En medio del peor de los ambientes, las presidenciales seguro las harán el 4 de febrero próximo para seguir con las mágicas efemérides. Pareciera que nadie sabe qué hacer, ni siquiera la dictadura, pues esta sigue con las mismas políticas que nos han llevado al desastre económico pero que mantienen las condiciones ideales de la corrupción. Paradójicamente, en medio de lo que se percibe como un caos, Venezuela posee la infraestructura institucional y física para su reconstrucción, pero para ello se necesitan personas que estén dispuestas a asumir el cambio.
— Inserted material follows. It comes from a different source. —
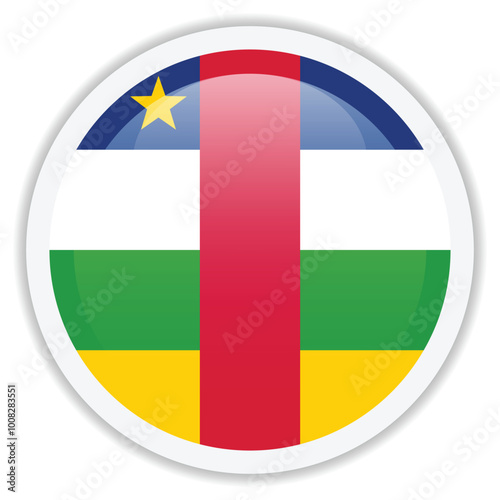 Flag of the Central African Republic. Glossy round icon isolated on white background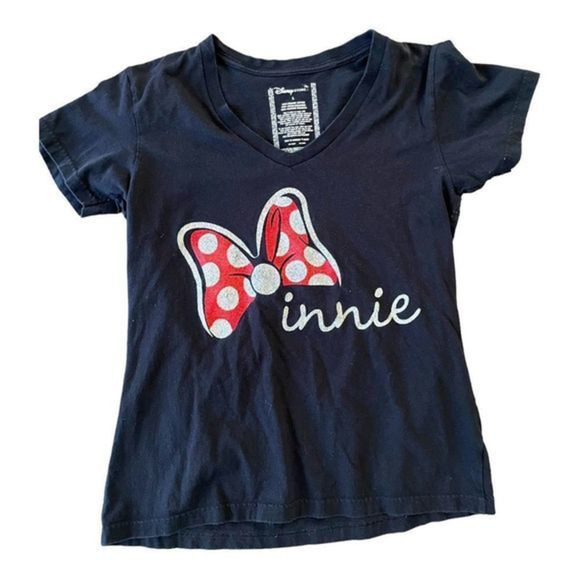 Disney Store Minnie Mouse Red Bow Glitter V-Neck Black‎ Size Large - Picture 1 of 4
Los miembros de la Fuerza Armada junto a la alta burocracia se van convirtiendo en una nueva casta. Umberto Eco la definió en su excelente ensayo sobre los rasgos del “fascismo eterno” como “la nueva élite”. Poseen todos los privilegios, destruyendo el principio de igualdad ante la ley que sostiene la actual Constitución y todas las anteriores a ella. Tienen el control del poder, de los alimentos y las divisas; y se pasean frente a los que no tenemos ni qué comer con sus lujos y escoltas. Me contaba hace poco un taxista que un día le hizo una carrera a unos oficiales de bajo rango hasta Fuerte Tiuna. Una vez que se bajaron le dijeron: “¡Arranca!”, pero el chofer indignado les pidió lo que habían acordado por su trabajo. Ni lo escucharon y pasaron a las amenazas. Se fue hasta la alcabala y le informó del abuso a otro oficial, y recibió las mismas respuestas y trato.

Los alrededores de las sedes de las instituciones deberían ser los espacios mejor cuidados, y más si corresponden al Estado. La razón es clara: si estas pretenden influir y guiar a la sociedad deben dar el ejemplo y demostrar su capacidad para que su “prestigio”, principios y normas –cual círculos que se expanden como una piedra arrojada al agua– afecten a lo que tengan más cerca. Así puede verse en muchos países que presumen de ser potencias mundiales e incluso en los que no lo son pero anhelan el bienestar de su pueblo. En nuestro país los edificios gubernamentales parecen castillos medievales, porque todo lo que está afuera de ellos es tierra de nadie. Con gran tristeza se puede ver como las calles que rodean una de las comandancias de nuestra Fuerza Armada en la ciudad capital se desbordan en basura, mendigos, huecos y aguas negras. ¿”País potencia”? ¿”Haciendo patria”? En medio de todo ello frente a dicho edificio se puede ver una banderita con el rostro del “gigante”.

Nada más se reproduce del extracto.